Wow, that looks quite smart! I'm unfamiliar with most of the material here, so I'll have to read it a couple more times to get it down and see if I can come up with an implementation based on this.
Trillian
It's been a couple of day and, while this is a solution with interesting potential, I'm still not too sure how that stuff works. Googling "Graph Carving" isn't too helpful either. Could you point me to an article on the matter?
Trillian
"Carving decomposition" should be a better query. This looks like a reasonable introduction: http://www.cs.brown.edu/courses/cs250/lectures/19.pdf
+1  A: 

I think I may have a better idea. I didn't test it, but I'm pretty sure it will be faster than a purely brute-force-ish solution for large zones.

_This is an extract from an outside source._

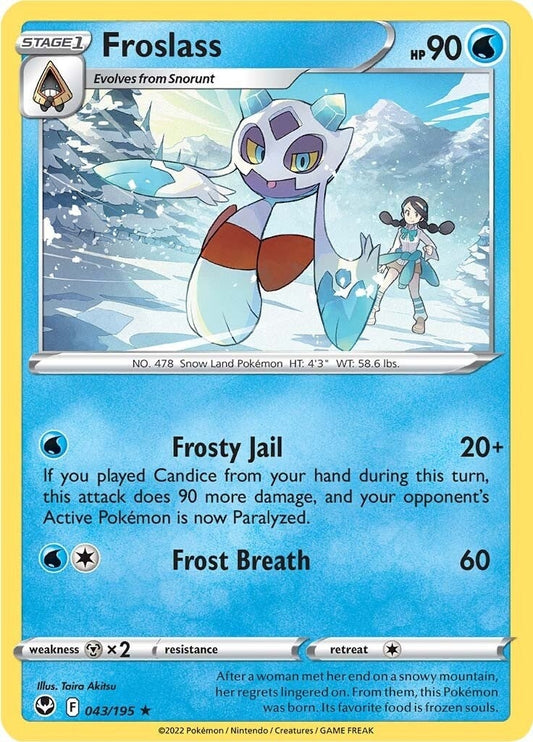 Froslass (043/195) (SWSH12: Silver Tempest)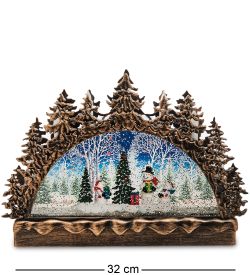 XM-844 Новогодняя композиция с подсветкой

First, create an empty set (a "set" being a collection that only contains unique objects) of nodes. This collection will be used to identify which tiles have broken connections that need to be fixed.

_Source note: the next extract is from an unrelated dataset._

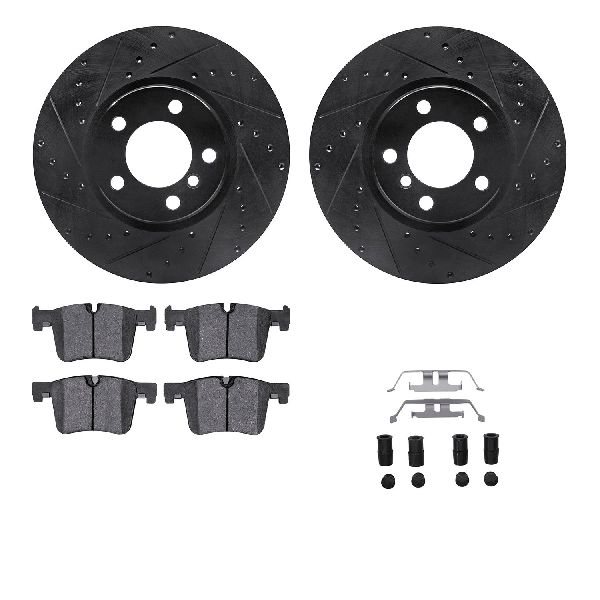 2014-2015 BMW 428i Disc Brake Kit - Front (Dynamic Friction)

Fill the data structures to represent the board with the pieces that are available, using the ones you see the most fit based on your personal criteria with no regard to the correctness of the solution. This will almost certainly lead you to an invalid state, but it's okay for now. Iterate through the board, and find all tiles that have connections leading to nowhere. Add them to the set of broken tiles.

Now, iterate through the set. Change the tiles it refers to by reducing their number of connections (otherwise you could get into an infinite loop) so they have no broken connection, respecting the currently available pieces. Check their neighbors again, and if you broke connections to other tiles, add these to the set of broken ones too.

Once the set of broken connections will be empty, you should have a fine-looking pattern. Note however that it has an important caveat: it might to tend to oversimplify patterns, since the "fixing" phase will always attempt to reduce the number of connections. You may have to be lucky to get interesting patterns since this could be greatly affected by first piece you put on each tile.

zneak
Hmm, this should fit the performance criterion quite well. I'll test to see if it yields interesting results in practice.